Dataset entries =>
• • •

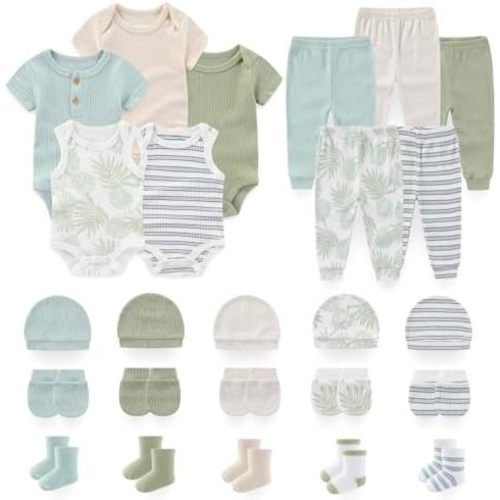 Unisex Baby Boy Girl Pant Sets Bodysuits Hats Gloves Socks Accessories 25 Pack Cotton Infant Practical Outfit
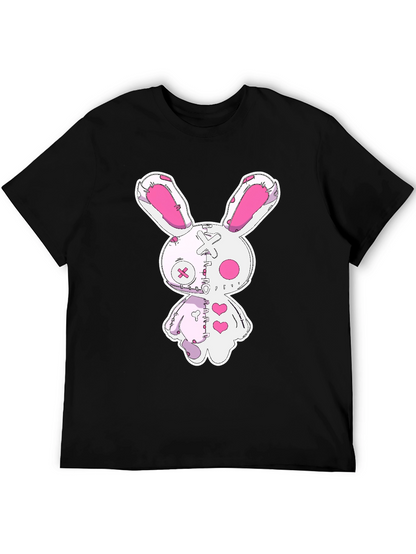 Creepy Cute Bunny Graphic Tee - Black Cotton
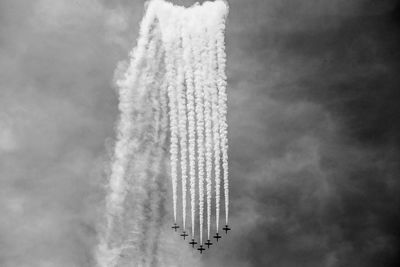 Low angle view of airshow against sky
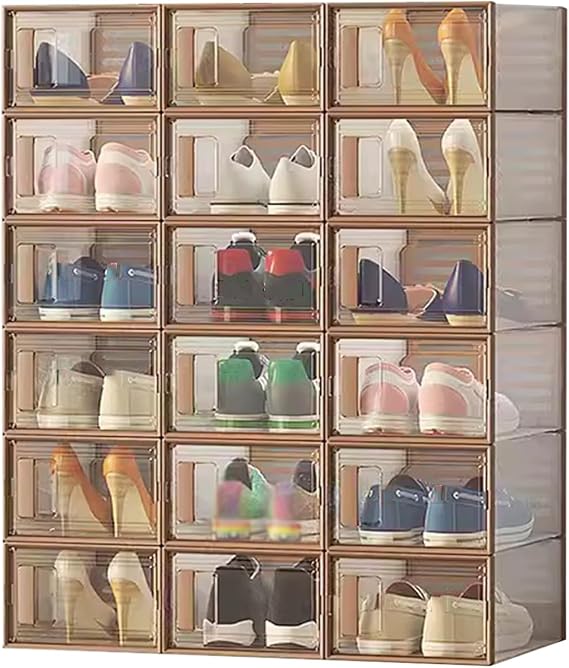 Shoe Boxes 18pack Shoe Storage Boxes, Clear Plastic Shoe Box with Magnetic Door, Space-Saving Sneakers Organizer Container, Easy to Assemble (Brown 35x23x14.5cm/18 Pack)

• • •

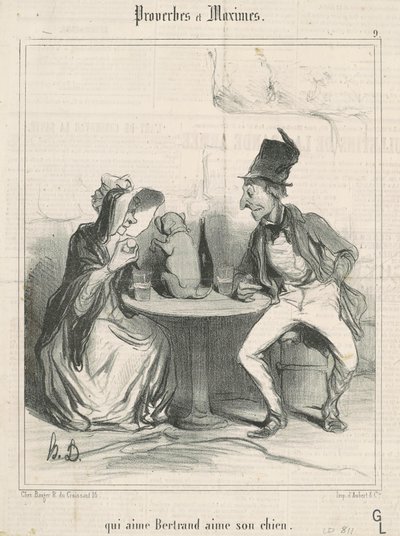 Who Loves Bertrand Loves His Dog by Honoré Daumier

• • •

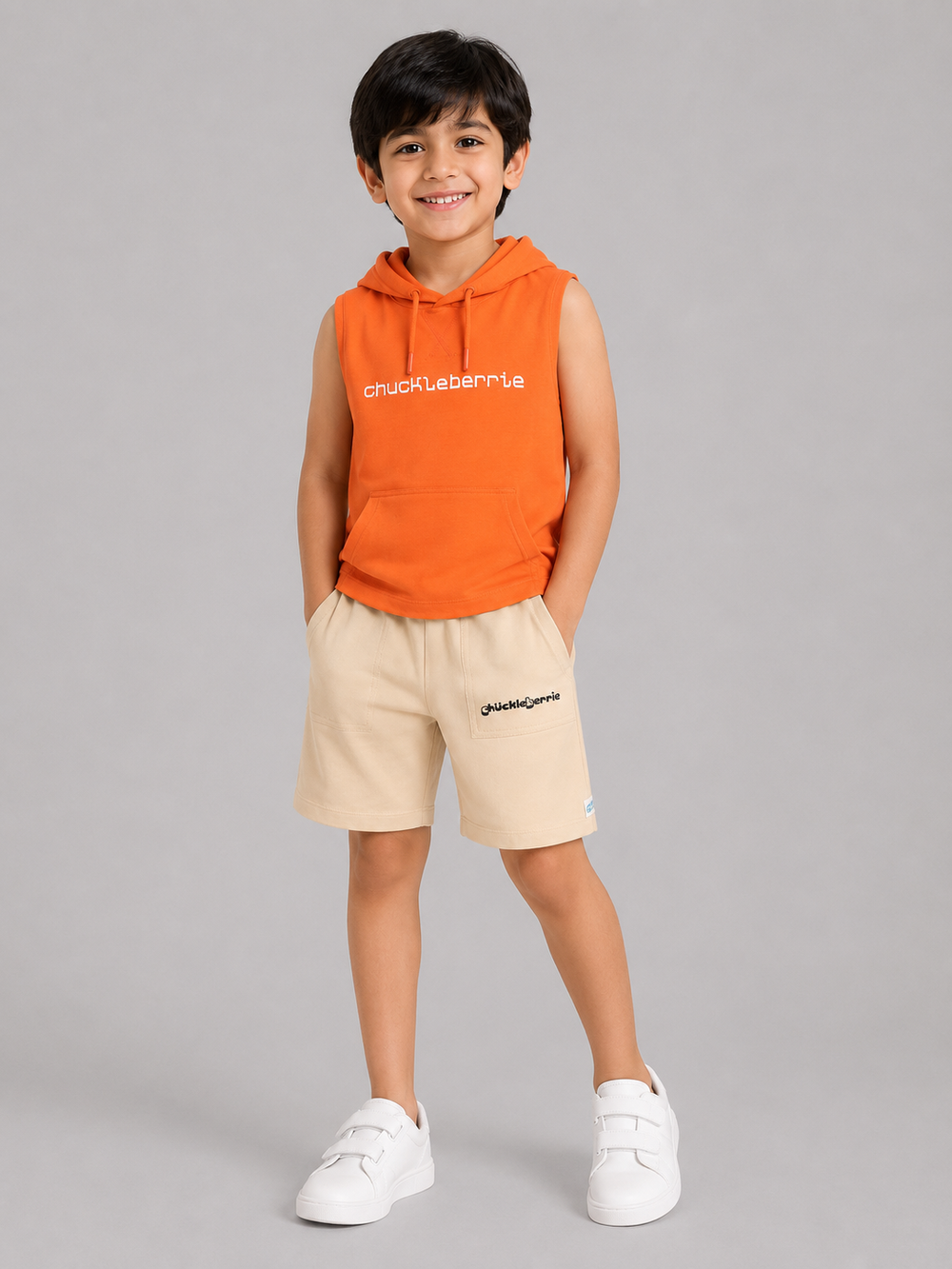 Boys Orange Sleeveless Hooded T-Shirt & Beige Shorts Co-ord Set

• • •

Work task => Your answer should be the lines above, word for word, from the line with "Creepy Cute Bunny Graphic Tee - Black Cotton" through the line with "Shoe Boxes 18pack", minus the pictures.

Your solution =>
 Creepy Cute Bunny Graphic Tee - Black Cotton
 Low angle view of airshow against sky
 Shoe Boxes 18pack Shoe Storage Boxes, Clear Plastic Shoe Box with Magnetic Door, Space-Saving Sneakers Organizer Container, Easy to Assemble (Brown 35x23x14.5cm/18 Pack)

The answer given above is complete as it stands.